Tornando al film in analisi, nella seconda parte dell’ opera Clarence è, ovviamente, il punto di partenza di un nuovo inizio, una buona novella che distoglie da tutto ciò che di negativo prima esisteva, per proporre una visione del futuro più portata all’ottimismo; è un’ icona fantastica che, in letteratura, nella struttura letteraria delle favole, troveremmo legata al magico:

quest’ angelo è paragonabile a quella schiera di assistenti fiabeschi, quali fate, gnomi o folletti, che soccorrono il personaggio principale in difficoltà, infondendogli coraggio e facendogli trovare la soluzione per sconfiggere i nemici, come il famoso drago, per esempio, per poi portarlo a raggiungere il castello dove, alla fine delle tribolazioni, diventerà re. La figura angelica in questione è un’ ancora psicologica che può rimanere sospesa fra il simbolico e il religioso, indispensabile per azzerare i passati eventi e portare a ricominciare dal punto in cui ci si è lasciati andare, per non perdere quel bel posto nel mondo che si è potuto conquistare col sudore e l’abnegazione di tutta una vita.

La struttura dell’ opera ha nel profondo un’ atmosfera magica, poetica, come sospesa, intensamente descritta da una regia che non manca di fornire un occhio particolarmente teso verso la vita autentica, difficile e quanto mai coraggiosa intorno alle scelte del protagonista e dei suoi cari, linearmente composta fra primi piani intensi e le corali descrizioni tipiche della fotografia della macchina hollywoodiana di quegli anni, incorniciata da una sceneggiatura che sa bene alternare momenti gioiosi a sentimenti d’ angoscia, e tutto ciò fuso insieme con molta credibilità, facilità, intensità non comune, dove sembra che la narrazione scivoli nella mente dello spettatore senza alcun problema e, in contrapposizione a questa semplicità d’ assimilazione, pone in esso un senso di appartenenza alla storia molto coinvolgente, partecipativo, inclusivo, senza creare per forza angoscia e confusione.

Tra le molte scelte del regista, in particolare l’ interpretazione sentita di tutti gli attori, i principali come i secondari, è assolutamente efficace: Capra non crea scene fini a se stesse, ma le lega teatralmente in un connubio tra montaggio, sceneggiatura e recitazione vivo e strettamente collegato alla bravura e naturalezza delle espressioni sempre sentite, sottolineate sui volti con una luce particolare e luminosa, ben visibile in molti primi piani.

Singolare, poi, la scelta di non correlare tutte le scene con la colonna sonora: fin dalla prima scena, il film viene introdotto dal suono delle campane che ne avviano i titoli di testa, anch’ essi sostenuti da un motivo musicale allegro e festoso; poi, sempre nella prima parte della pellicola, quasi tutte le scene successive sono prive di sottofondo musicale.

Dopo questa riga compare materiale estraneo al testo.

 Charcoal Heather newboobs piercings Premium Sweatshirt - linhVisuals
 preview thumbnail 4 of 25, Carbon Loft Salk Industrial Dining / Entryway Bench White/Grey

La seconda parte, al contrario, è più viva: in essa ascoltiamo degli spezzoni musicali brevi, sottolineanti i momenti più significativi, più dolci e sereni, quasi che Capra avvia voluto rimarcarli apposta per preferirli volontariamente a quelli più tristi.

L’exploit avviene nella scena finale, in cui il canto di Natale liberatorio corona la storia a lieto fine, conclusa dall’ atmosfera natalizia gioiosa e grata, dove l’intento chiaro è ricordare che il valore degli affetti veri vale molto più di tutte le preoccupazioni del mondo e della sterile ricerca della ricchezza, concetto che ricorda molto un’ altra favola natalizia che viene da lontano, ossia “Canto di Natale”, libro di Charles Dickens poi proposto come pellicola in tante visioni diverse, dove mai potremmo paragonare George ad uno Scrooge ma possiamo ricordarne il messaggio, cioè l’ importanza della festività, della bontà e della generosità contro il gelo dell’ avarizia, valori analoghi e vicini alla proposta filmica di Capra.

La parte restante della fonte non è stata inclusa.